A Bologna, il caso riguarda Paola, bolognese morta nel febbraio 2023: qui il gip ha sollevato una questione di legittimità costituzionale sul requisito del trattamento di sostegno vitale, indicato tra le condizioni dalla Consulta nella sentenza 242 del 2019. A Roma, infine, il procedimento riguarda Sibilla Barbieri, attrice e regista affetta da una malattia oncologica, per la quale il pubblico ministero ha chiesto l’archiviazione.
Ma se da un lato c’è il palcoscenico giudiziario, dall’altro, come segnala l’associazione, ci sono tre casi in cui non è partita alcuna indagine. Stiamo parlando del supporto dato a Ines in Lombardia, Fabrizio in Liguria e dall’ultimo caso nordestino di Martina Oppelli.

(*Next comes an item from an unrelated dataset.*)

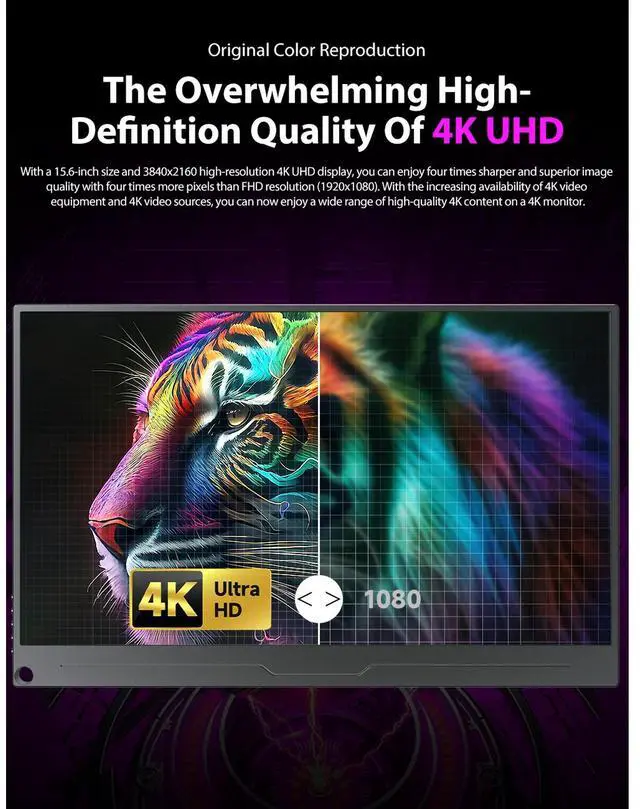 Alt view image 4 of 7 - UPERFECT 15.6" 4K Ultra HD Portable Monitor - 600nits, 100% sRGB, IPS Panel, USB-C, Game & Multi-Device Compatible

La denuncia di Martina Oppelli
Battaglia legale, ma di altro corso, è quella che riguarda Martina Oppelli. La donna, prima di andare in Svizzera e accedere al suicidio assistito, ha depositato, tramite la sua procuratrice speciale Filomena Gallo, avvocata e segretaria nazionale dell'associazione Luca Coscioni, una denuncia-querela nei confronti dell'Azienda sanitaria universitaria giuliano isontina Asugi, dalla quale aveva ricevuto tre dinieghi all'accesso al suicidio medicalmente assistito. Martina Oppelli aveva contestato due reati principali all'azienda sanitaria: rifiuto di atti d'ufficio e tortura.

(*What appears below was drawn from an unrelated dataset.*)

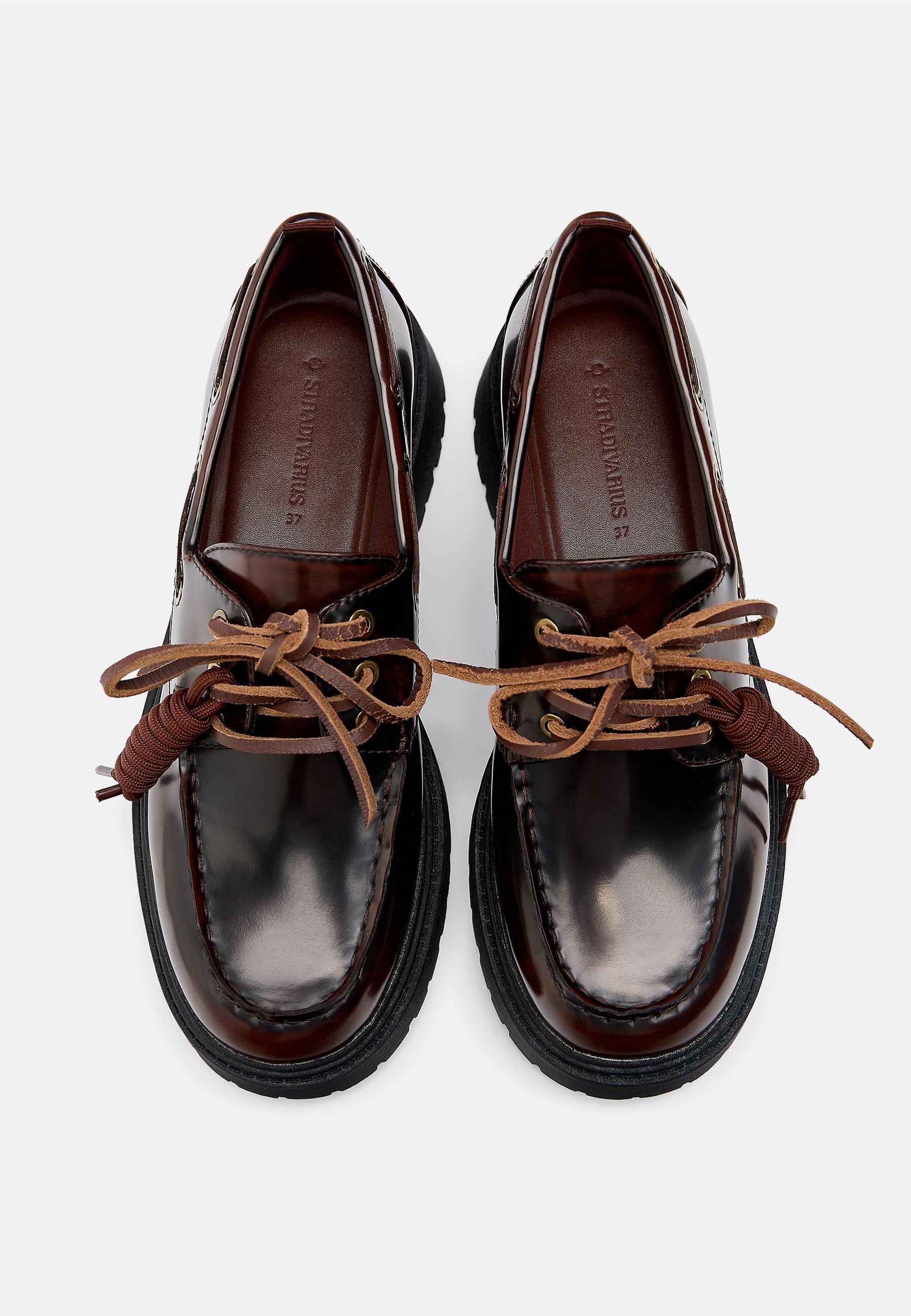Platform boat shoes — BROWN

L'azienda sanitaria aveva in passato negato a Oppelli la rivalutazione delle sue condizioni di salute, sostenendo che un nuovo esame sarebbe stato un costo inutile per la pubblica amministrazione. Oppelli aveva presentato un ricorso d'urgenza nel 2024 presso il tribunale di Trieste che aveva ordinato all'azienda sanitaria nuove verifiche. Inoltre, «non le è stato riconosciuto per oltre due anni il requisito della 'dipendenza da trattamento di sostegno vitale' (uno dei quattro requisiti previsti dalla sentenza 242/2019 della Corte costituzionale), nonostante dipendesse totalmente non solo dai suoi caregiver per sopravvivere ma anche dalla macchina della tosse e nelle ultime settimane dal catetere vescicale, disapplicando in tal modo il giudicato costituzionale».